HARVARD GAZETTE ARCHIVES
Fatty foods feed heart attacks, researchers say
Doughnuts are dandy in Denmark, but a heart attack in the U.S.
By William J. Cromie
Harvard News Office
Hold the french fries, doughnuts, and cookies, and save as many as 228,000 heart attacks and deaths from heart disease. That's the message from a team of researchers at the Harvard School of Public Health and Wageningen University in the Netherlands.
"Given the 1.2 million annual [heart attacks] and deaths from coronary heart disease in the United States, near-elimination of industrially produced trans fats might avert between 72,000 and 228,000 coronary heart events each year," the researchers report. Trans fats are also thought to play a role in unexplained sudden deaths and diabetes.
The major sources of trans fats include deep-fried fast foods, bakery products, packaged snack foods, margarines, and crackers. French fries, breaded fish burgers, breaded chicken nuggets, Danish pastries, pies, doughnuts, and cookies are the big offenders. Hamburgers, steaks, lamb chops, and dairy products contain only small amounts of natural trans fats so they don't make the list of "worsts." "The presence of beneficial factors in dairy and these meats may balance the effects of the smaller amount of trans fats they contain," according to Dariush Mozaffarian, lead author of the report that appears in the April 13 issue of the New England Journal of Medicine.
The article goes on to say that, "on a per-calorie basis, trans fats appear to increase the risk of coronary heart disease more than any other [nutrient], conferring a substantially increased risk at low levels of consumption (1 to 3 percent of total energy intake, or 20 to 60 calories)." The average consumption of trans fats in the United States is, for comparison, 2 to 3 percent of total calories eaten.

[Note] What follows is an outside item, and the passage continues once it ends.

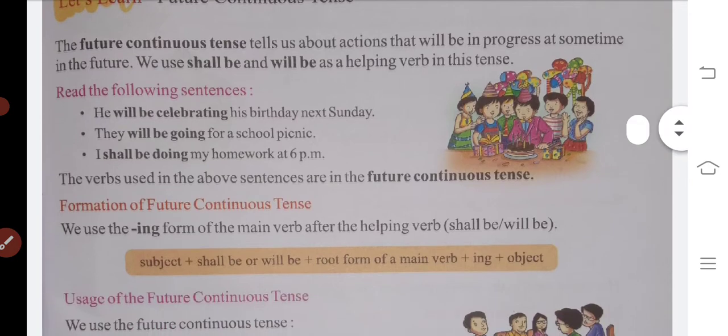The verbs used in the above sentences are in the future continuous tense. In these future sentences we have learned: 'will be' and 'shall be' — these are all future continuous tense forms.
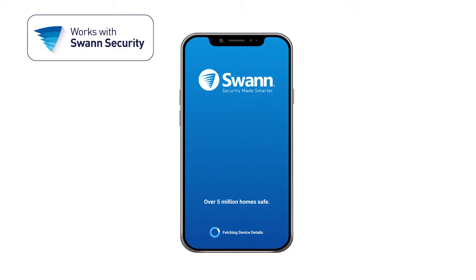You're now ready to download the SWAN Security App for your Android or iOS mobile device. Watch this segment SWAN Security App for more information.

Ten to 19 percent of the coronary heart disease in the United States (120,000 to 228,000 heart attacks) could be averted by reducing the intake of trans fats, says Walter Willett, head of the research and Fredrick Stare Professor of Epidemiology and Nutrition at the Harvard School of Public Health.
What about taste?
Trans fats form when hydrogen is added to vegetable oil, a process that converts the oils into semisolid fats, which increases shelf life, adds to stability during deep-frying, and enhances the taste of baked goods and sweets. According to the evidence that Mozaffarian, Willett, and their colleagues gathered from studies in the United States and Europe, the "adverse health effects of trans-fatty acids are far stronger on average than those of food contaminants or pesticide residues, which have in some cases received considerable attention. Furthermore, trans fats have no intrinsic health value above their calories."
The research team suggests that trans fats be reduced or eliminated from foods sold in stores, restaurants, and vending machines. Opposing arguments from food manufacturers and restaurants maintain that this would raise costs and lower taste. Recent experiences in Europe indicate that such concerns are overstated, say the researchers. They mention Denmark as a prime example. In that country, all oils and fats used in locally made or imported foods must contain less than 2 percent of industrially produced trans fats.
"This legislation essentially eliminated the use of partially hydrogenated vegetable oils in Denmark," Mozaffarian declares. When people buy french fries or chicken nuggets from fast-food restaurants in Denmark, the foods contain no trans fats, whereas the same foods in the United States have 5 to 10 grams per serving.
"In Norway, Finland, and the Netherlands, cooperative efforts between government agencies and food industries have also resulted in substantial reductions in the use and consumption of trans fat without notable increase in the cost or reduction in the quality and availability of foods," the report points out. Canada is mulling legislation to do the same thing.
Losing the fat
New York City is following the example of Denmark. The city's Department of Health has asked 20,000 restaurants and 14,000 food suppliers to get rid of partially hydrogenated oils and provide foods that are free of trans fats.
Some food makers in the United States have voluntarily reduced trans fats in their products. In addition, the Food and Drug Administration ruled that, effective last Jan. 1, labels on all foods and supplements must indicate their content of trans fats. The Department of Agriculture recommends that people limit trans fats to less than 1 percent of total calories. Such actions could provide added impetus for food manufacturers to produce more foods that are free of trans fats.
The Harvard article notes that the Food and Drug Administration has been petitioned to remove fats from its list of eatables shown to be safe by qualified experts. "Doing so," says Mozaffarian, "would effectively eliminate the consumption of industrially produced trans fats in the United States."
He and his colleagues admit that elimination of trans fats "may be challenging for restaurants and food manufacturers in the United States." But, they say, "experience in other countries indicates that such fats can be largely replaced by unsaturated fats without increasing the cost or reducing the quality or availability of food. Doctors and other health care providers should tell people how to minimize their intake of these harmful fats, and consumers should recognize their lack of nutritional benefits and their potential for harm. These steps should possibly result in substantial health benefits, such as averting thousands of heart attacks and deaths from coronary heart disease each year in the U.S."